芦沢氏、トラフ建築設計事務所、NORM ARCHITECTSの3者がカリモクとコラボレートした「architects meet makers」 (Architect:芦沢啓治建築設計事務所、Project architect:芦沢啓治、Photo:Masaki Ogawa) 画像提供:芦沢啓治建築設計事務所
2018年のIFFT/インテリア ライフスタイル リビングの企画展「architects meet makers」  画像提供:メッセフランクフルト ジャパン

 芦沢氏は、企画展の意図について、「設計者やインテリアデザイナーに来てもらうことが一番の目的。事務所にいると、建材メーカーがカタログを持ってきてくれるため、展示会にも足を運ぶ回数が自然と減ってしまう。
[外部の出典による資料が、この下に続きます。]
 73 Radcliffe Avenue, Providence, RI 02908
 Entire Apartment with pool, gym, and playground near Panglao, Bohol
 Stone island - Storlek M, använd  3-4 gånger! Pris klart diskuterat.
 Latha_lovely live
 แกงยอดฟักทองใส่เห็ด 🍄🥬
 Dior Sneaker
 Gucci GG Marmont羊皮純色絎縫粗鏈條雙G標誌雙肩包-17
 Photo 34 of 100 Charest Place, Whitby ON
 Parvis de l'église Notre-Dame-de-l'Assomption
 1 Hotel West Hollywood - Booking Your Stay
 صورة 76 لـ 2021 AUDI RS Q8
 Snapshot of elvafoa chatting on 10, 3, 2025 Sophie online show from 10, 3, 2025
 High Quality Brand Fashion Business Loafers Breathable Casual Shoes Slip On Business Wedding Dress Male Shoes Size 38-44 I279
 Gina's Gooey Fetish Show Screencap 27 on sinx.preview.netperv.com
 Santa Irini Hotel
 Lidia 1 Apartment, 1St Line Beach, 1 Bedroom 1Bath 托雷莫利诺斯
彼らに対して、素材をそのまま生かしながら、どのように再び使うかという、材料に向き合う新たな問題提起となれば」。

 その先には、「建築や家具の制作に携わる者には製造責任があり、設計だけを考えればいいのではなく、モノの最終段階やその先の再生産も考慮しなければならない。アップサイクルの思想が広まれば、これまでに無い素材との向き合い方で、クリエイティブリソースを多様化させることにもつながって欲しい」と期待を語った。